The torched remains of the van and the bodies inside.
The gutted van was found on a dirt road known as “the 25” in Sinaloa.

Dean’s girlfriend, Josie Cox, is traveling to Mexico with Dean’s dental records and has been posting regular updates on social media.

According to one post, Josie knew Dean had plans to propose to her after their trip and in honor of him, Josie has pledged to get into the ocean and finish his surf trip for him.

On additional social media pages dedicated to Dean and Adam, close friends and strangers alike have come together to share hundreds of fond memories of the Aussie surfers.

On a Facebook community page for Adam Coleman, one supporter wrote: “The weight of dread has been heavy on my heart and grows now heavier as Adam’s and Dean’s parents must endure their journey to bring you both home. You guys had the courage to live, really live, and if there is one common theme about you guys it is love and joy from everyone you crossed paths with.”

Mexico is a top destination for Australian travelers in the Latin America region, with approximately 71,500 Australians visiting Mexico in 2014, according to the Department of Foreign Affairs and Trade.
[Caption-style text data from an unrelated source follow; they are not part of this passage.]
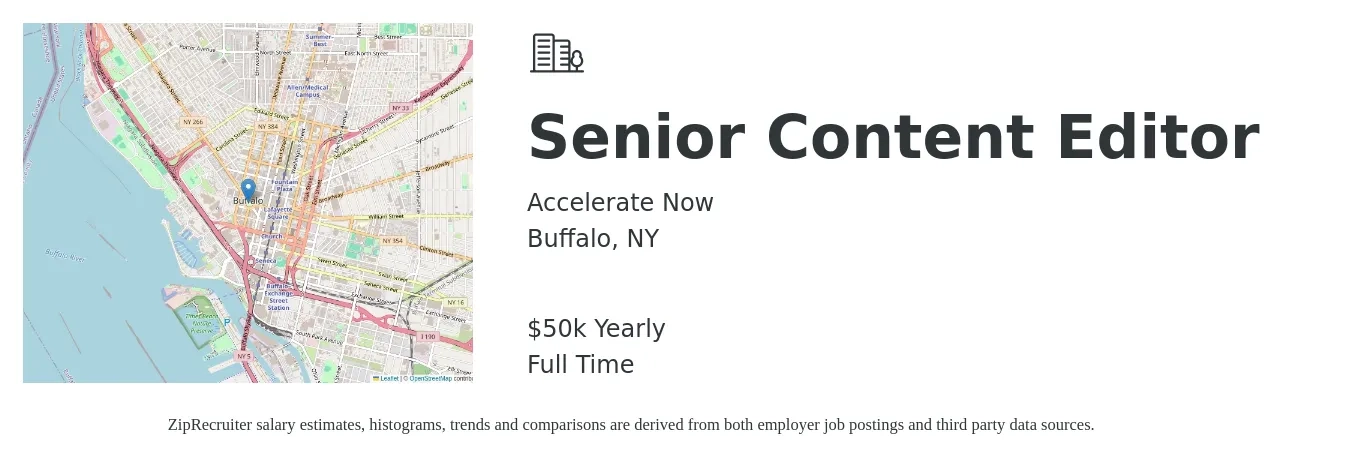Accelerate Now job posting for a Senior Content Editor in Buffalo, NY with a salary of $50,000 Yearly with a map of Buffalo location.
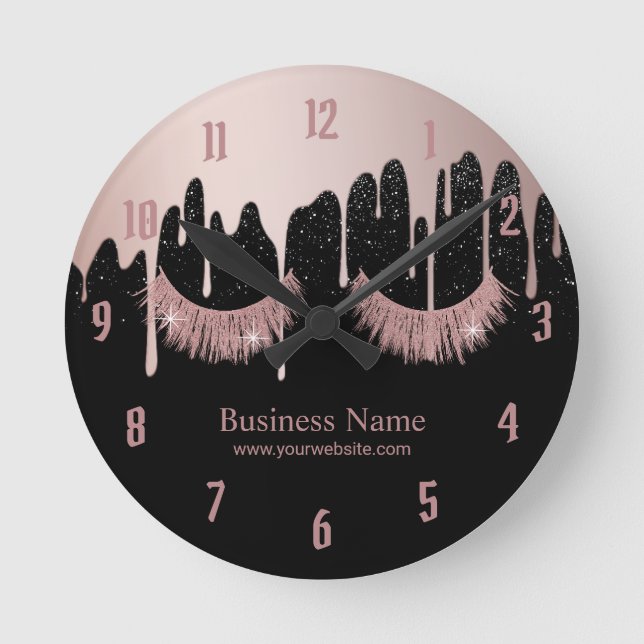 Relógio Redondo Lashes Makeup Artista Rosa de Lixo Dourado Salão (Frente)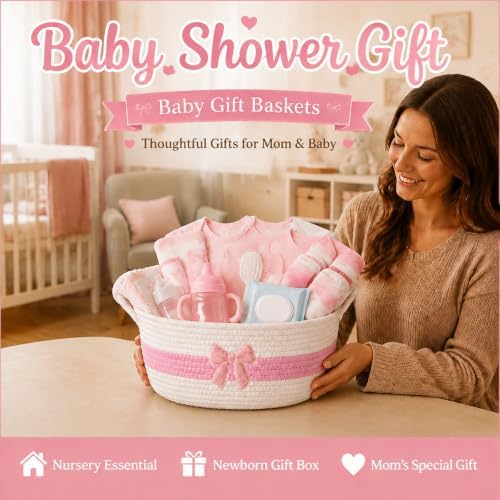Woven Gift Basket Empty with Bag, Ribbon and Card, 14x 10x 6 in, White+Pink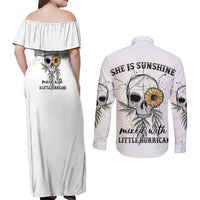 She Is Sunshine Skull Sunflower Couples Matching Off Shoulder Maxi Dress and Long Sleeve Button Shirt - Wonder Print Shop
The U.S. Department of State Bureau of Consular Affairs states all travelers should defer non-essential travel to the state of Sinaloa except the city of Mazatlan, where it is advised that all travelers still exercise caution, particularly at night or in the early morning.

“One of Mexico’s most powerful criminal organizations is based in the state of Sinaloa, and violent crime rates remain high in many parts of the state. Travel off the toll roads in remote areas of Sinaloa is especially dangerous and should be avoided,” the U.S. government warning states.
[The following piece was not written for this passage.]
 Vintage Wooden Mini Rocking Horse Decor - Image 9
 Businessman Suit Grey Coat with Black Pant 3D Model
In Australia, the Department of Foreign Affairs and Trade updated their Smart Traveler site to advise Australians to exercise a high degree of caution in Mexico, merely 27 days before Dean and Adam went missing.

“Incidences of kidnapping are common and there have been allegations of complicity by police officers,” the update states.

Dave Becker is a co-owner of Sinaloa Surf Adventures, which operates a surf camp in the area April through October. The camp has been open for 15 years and Dave said they have never had one single issue with safety or security.

“We are located in a small fishing village of 300 people completely off the grid. We have no outside influence of anything and we have a 100% safety guarantee,” said Dave.

Dave said that the area where the van was found was probably not the safest and that despite the majority of Sinaloa being peaceful there are spots that are not “gringo friendly.”

“It is tragic, but I have no idea why anybody in their right mind would be near Novalato or Culiacan,” said Dave. “When something happens to our surf community we huddle together. But the reality is there are very touristy areas in the state of Sinaloa like Mazatlan where cruise ships go.”

Sinaloa Surf Adventures has considered changing their name to avoid negative stigmas associated with the drug cartels of Sinaloa but Dave admitted they could never go through with the change.

The surf camp has an average of 480 surfers visit each year and a few travelers have returned time and again. One surfer has even been to the camp 9 years in a row.

“We get about 40 international surfers every year and around 60 female surfers. Everyone has a great time and comes home with many stories,” said Dave. “We don’t need to change our name because our camps and product are great.”

Kaye Maytum, a friend of Dean and Adam’s families, started a GoFundMe site that has raised nearly $60,000 to send family members to Mexico to aid in the investigation and for funeral costs in case the worst is confirmed.